Several people contribute to this project which was started by K. Mani Chandy (see partial vita). Many of the ideas explored in this project can be traced back to my stellar collaborators and to earlier work.
Julian Bunn’s work on the software for the Community Seismic Network is the foundation for this effort. Julian Bunn continues to work on the project. Some of his many contributions include software for several streaming applications including radiation detection, monitoring buildings, and medical applications.

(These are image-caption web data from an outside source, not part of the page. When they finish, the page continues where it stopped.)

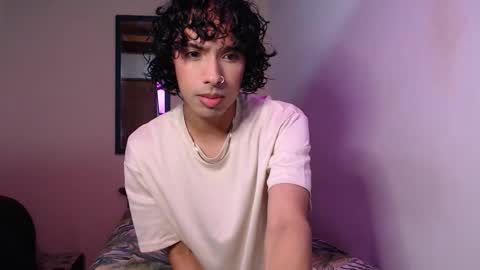 Snapshot of alexis21_ chatting on October 14, 4:02 am Alexis online show from October 14, 4:02 am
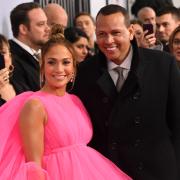 Jennifer Lopez racconta la storia della musica in un video travolgente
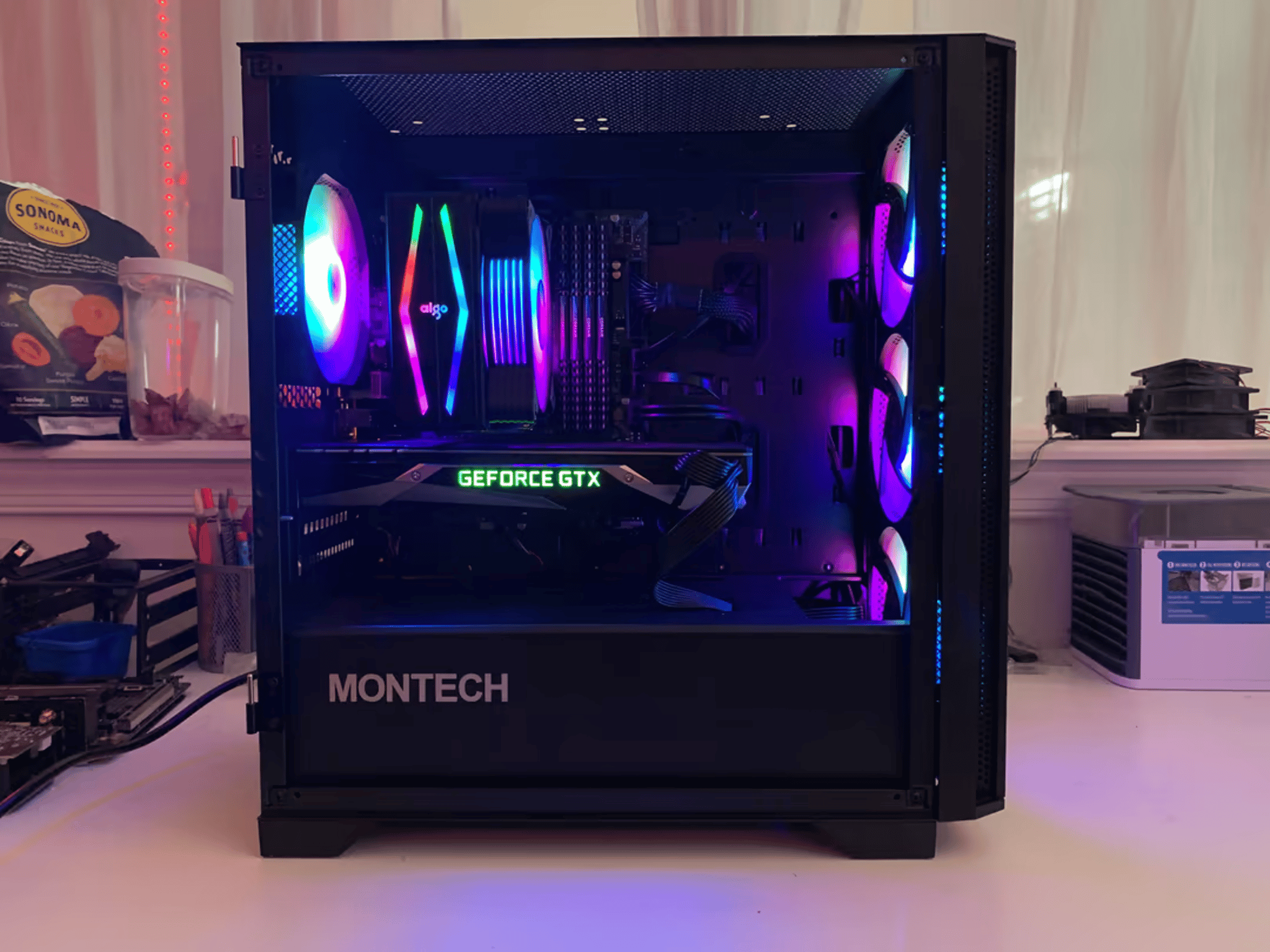 Monty/ I7 9700/ 1080TI 11GB Gaming PC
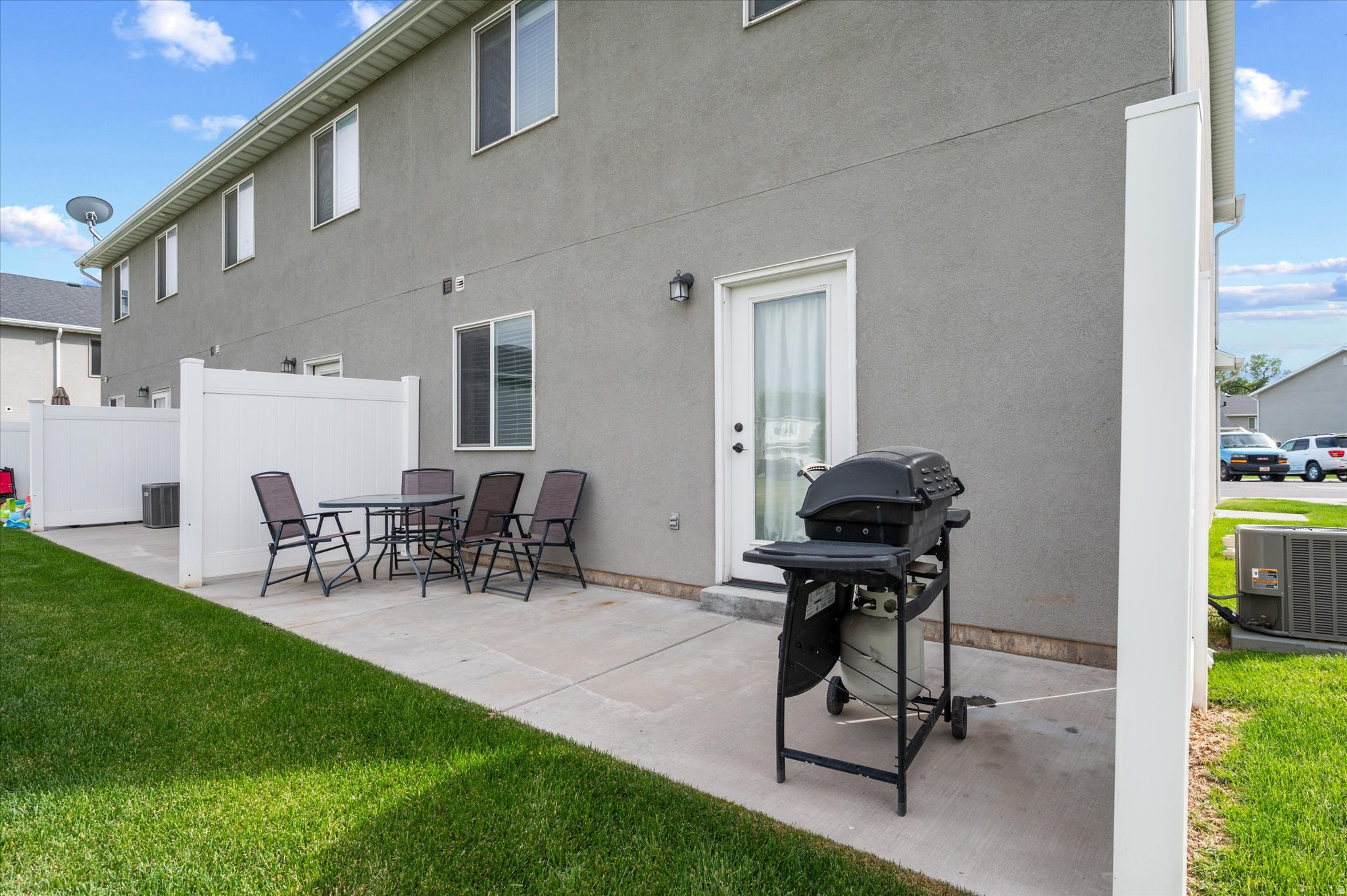 CAMELOT COVE - Residential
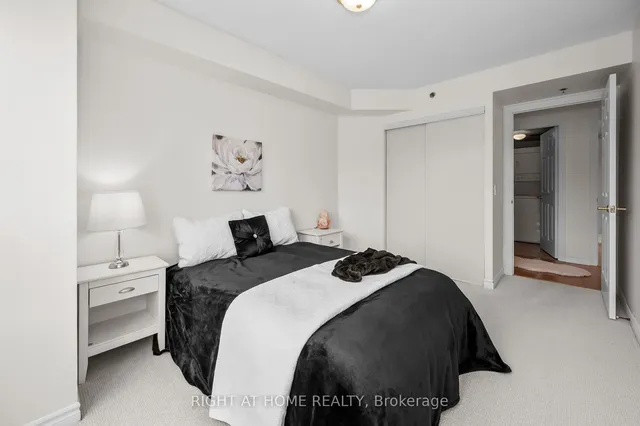 Additional image 21 of 100 Burloak Dr Unit 1214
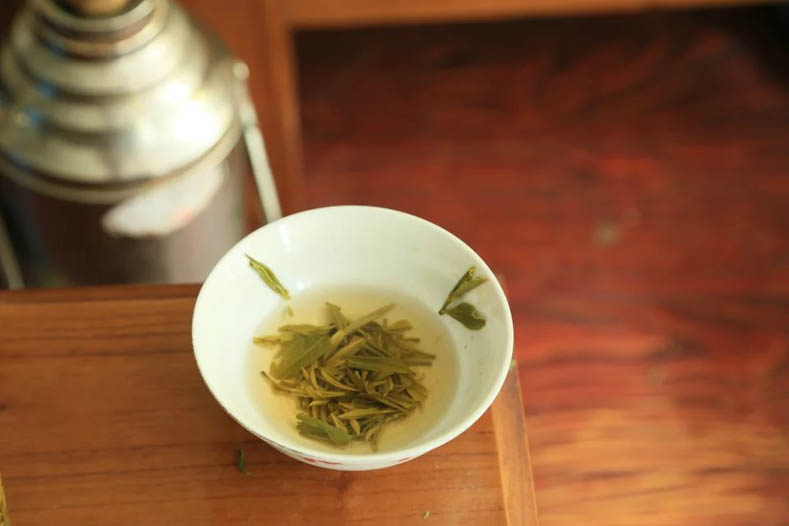 杨光辉爱喝的大碗茶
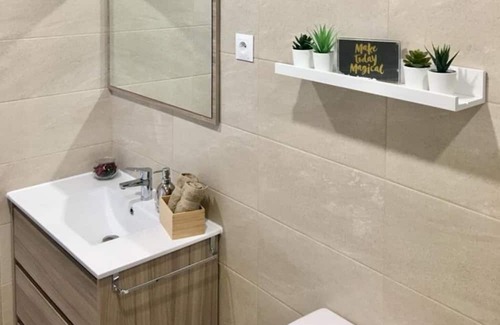 Getafe Apartment | EXCLUSIVE apartment with kitchen, bathroom, parking. 15 min from Centre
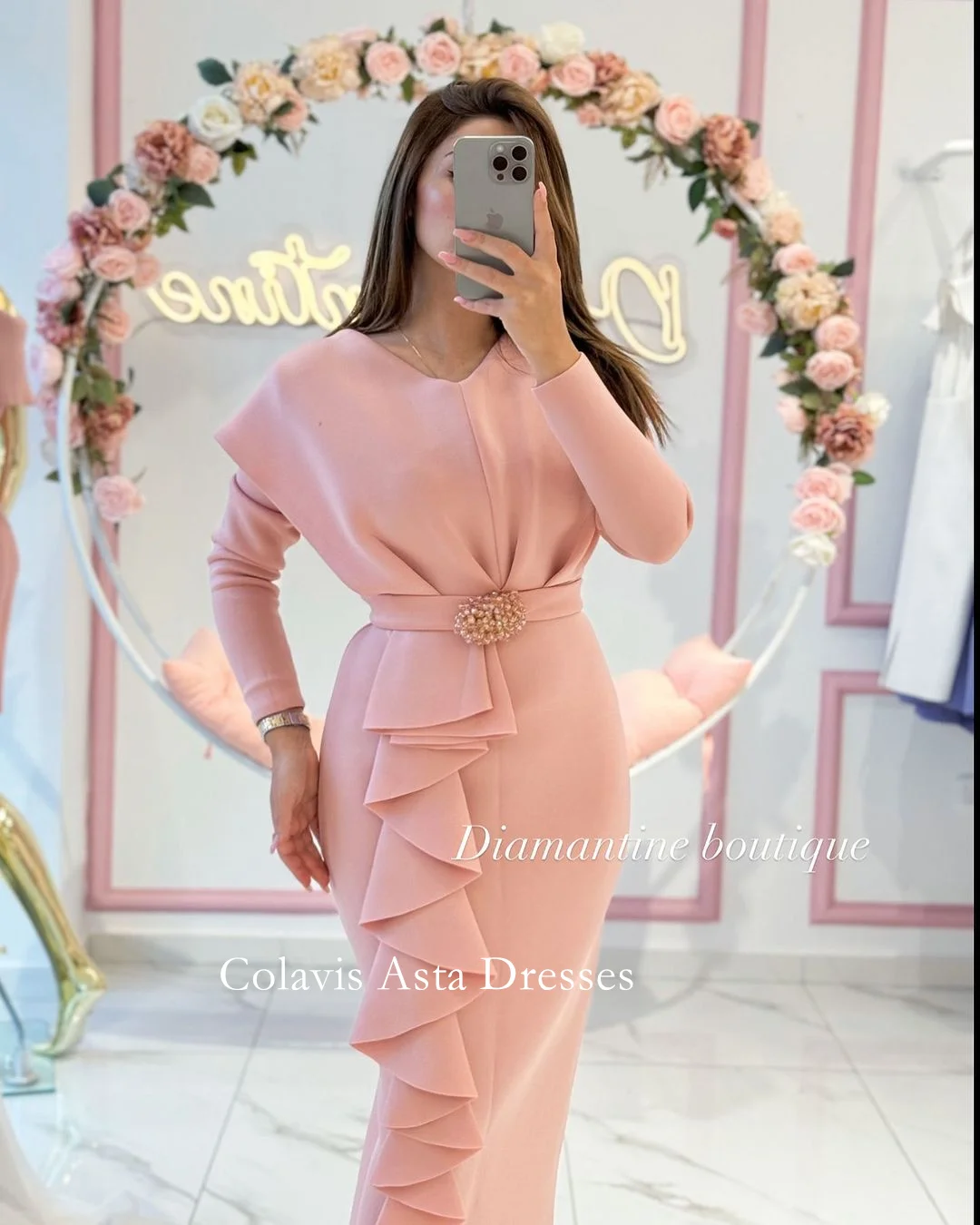 2024 Fashion Style Arabic Morden Pink Crepe Satin Evening Dresses Customized Ruffles Formal Prom Growns Party Women Bride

Rahul Bachal did his Bachelors thesis at Caltech on this project. Rahul was instrumental in getting the project started. Ker Lee Yap, an undergraduate at Caltech, developed a visual plug-and-play package for Assemble Software; the code for it will be put into GitHub. Juliette Xiong, while an undergraduate at Caltech, helped in code refactoring and in applications using Twitter streams. Tommy Hannan, a first-year at MIT developed Twitter applications with sentiment analysis. Wonwoo Cho, a Caltech Summer Undergraduate Research Fellowship (SURF) student from Korea worked on sensor applications using predecessors of the Assemble Software package. Kalyn Chang did a SURF on the code structure and applications. Karthik Sarma, now at UCLA medical school, did early work on streaming medical applications.
Several SURF students from IIT Gandhinagar contributed a great deal to streaming applications.
The early work on this project was done by Anish Agarwal (now at MIT) and Michael Lauria (now at U. Colorado, Boulder) while they were students at Caltech.
Michael Olson’s PhD research on software for streaming applications was the genesis for this effort. Annie Liu’s PhD research on streaming applications, particularly on the detection of harmful radiation played a key role in understanding the structure of such applications. Concetta Pilotto’s work on streaming applications and formal methods informs the organization of the software and its theory.
People who worked on the project include:Stephanie Ding, Judy Mou, Sandra Fang, Albert Tan, Karthik Sarma, Theresa Juarez, Shivam Tripathi, Si Ping Han, Nitesh Udhani, EunJee Lee, Alex Fandrianto, Victor Chu, Aleksandr Palatnik, Eddie Huang, Alina Hwang, Deepti Chopra, Nishant Rao, Pritesh Sankhe, Prathamesh Juvatkar, Prashant Borde, Jainil Parekh, Alexander Strauss, Stefan Gehring, Hafsteinn Einarsson, Jeremy Davis, Sean Choi, Jeff Lin, Victor Chu, and Victor Li.
This page is under construction. There are lots of Caltech undergraduates and SURFs who contributed a great deal to work on streaming, and there names will be added.
This project applies results from prior projects on which we worked. We will point out their influence on specific parts of the project later. The broad areas that are woven together in this project are:
Reasoning about the correctness of concurrent programs
Notations for concurrent programs that focus on program composition
Detecting patterns in streams of data
Applications of concurrent computation to social welfare in areas such as monitoring crises such earthquakes, detecting radiation, and managing critical infrastructure such as power systems and buildings.